Hey guys - I have always been comfortable fixing or trying to fix just about anything and today I decided to tackle the task of fixing the busted-***** audio snake we have sitting around the shop. It was actually kind of funny/sad how all but about 5 of the channels were taped over on the stage box and at least 6 connectors were missing on the fan-out. One of my co-workers reports that there were possible breaks within the multi-cable snake somewhere in the middle. It's about a 300' long snake. It is currently randomly coiled and sitting on the ground. I checked continuity of each and every conductor from either pin to pin or bare-wire to pin and found no opens OR shorts. Does anyone have a tried and true method for simulating stress on a snake multi-cable during a gig or am I going to end up having to drag it out into the parking lot, "snake" it around and test each channel while jiggling random areas of the cable? I plan on replacing all of the ends before doing this, of course. Ideas?


----------



## derekleffew (Sep 16, 2008)

mnfreelancer said:


> ... One of my co-workers reports that there were possible breaks within the multi-cable snake somewhere in the middle. ...

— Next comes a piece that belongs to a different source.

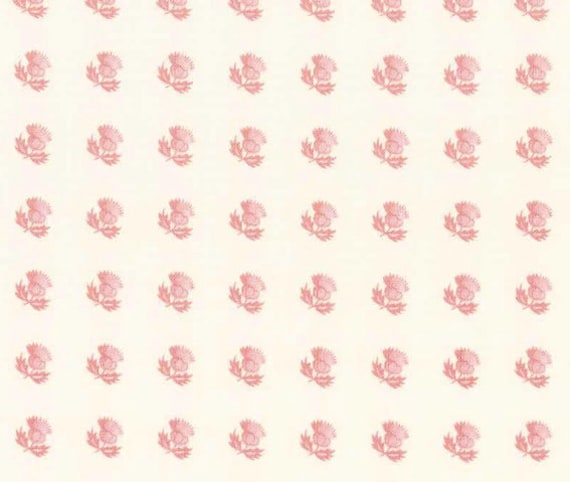 Floral Crib Fitted Sheet Pink Thistle Print, Cream Baby Bedding - image 1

If there's no visible damage to the jacket, it's unlikely there is internal damage. I'd replace/repair all the ends, stretch it out, and run some multi-channel audio through it. How many pair is it?


----------



## SHARYNF (Sep 16, 2008)

Rarely is it a problem in the cable itself UNLESS you can see cut area or damaged areas. Look for these areas. If there are damaged parts when you remove the connectors on the fanout, get your self some high quality water proof shrink tube and use this to cover over any other repairs you might make
Most times it is on the connectors, or there was another problem on interfaced gear and the connectors were taped over as a precaution until someone could look at it carefully
So this has the box and fanout directly wired with NO multiconnector?
Sharyn


----------



## DaveySimps (Sep 16, 2008)

I agree, as long as there is no damage to the outer jacket, there should not be any interior damage. If you have fixed all of the connectors on the fan out end, inspected all of the connections in teh stage box end, and checked for continuity on all of the lines, you should be good to go. 

~Dave


----------



## cdub260 (Sep 16, 2008)

Another test that may be worth trying if you suspect a midline problem, is to check for continuity between lines. While it is a tedious and time consuming operation, if you actually have continuity between two lines, then you have a midline problem. However, I would only do this if repairing the ends of the snake does not fix your snake issues.


----------



## mnfreelancer (Sep 16, 2008)

Thanks guys, I am brining my soldering gear to work tomorrow and will get started on the ends. The snake does indeed go directly to a fan-out with no multi-pin breakout. I figured that if there is no problem with any channel with the cable randomly coiled on the floor, it is unlikely there will be a problem when it is stretched out ... I will keep y'all posted.


----------



## TimmyP1955 (Sep 19, 2008)

I've seen a problem only once where there was no visible damage: On a 100'x 9 pair, one wire was open. I chopped the cable into four 25' sections for another application, and the duff wire was open on three of the sections! Some sort of strange manufacturing defect I'm sure.


----------



## Chris15 (Sep 20, 2008)

I know way too much about core...
Internal breakages DO happen, though rarely. prolonged stretching can for instance cause this. I presume you don't have any evidence of pigtailing?
A decent kink may not show up externally but may have made inside unhappy.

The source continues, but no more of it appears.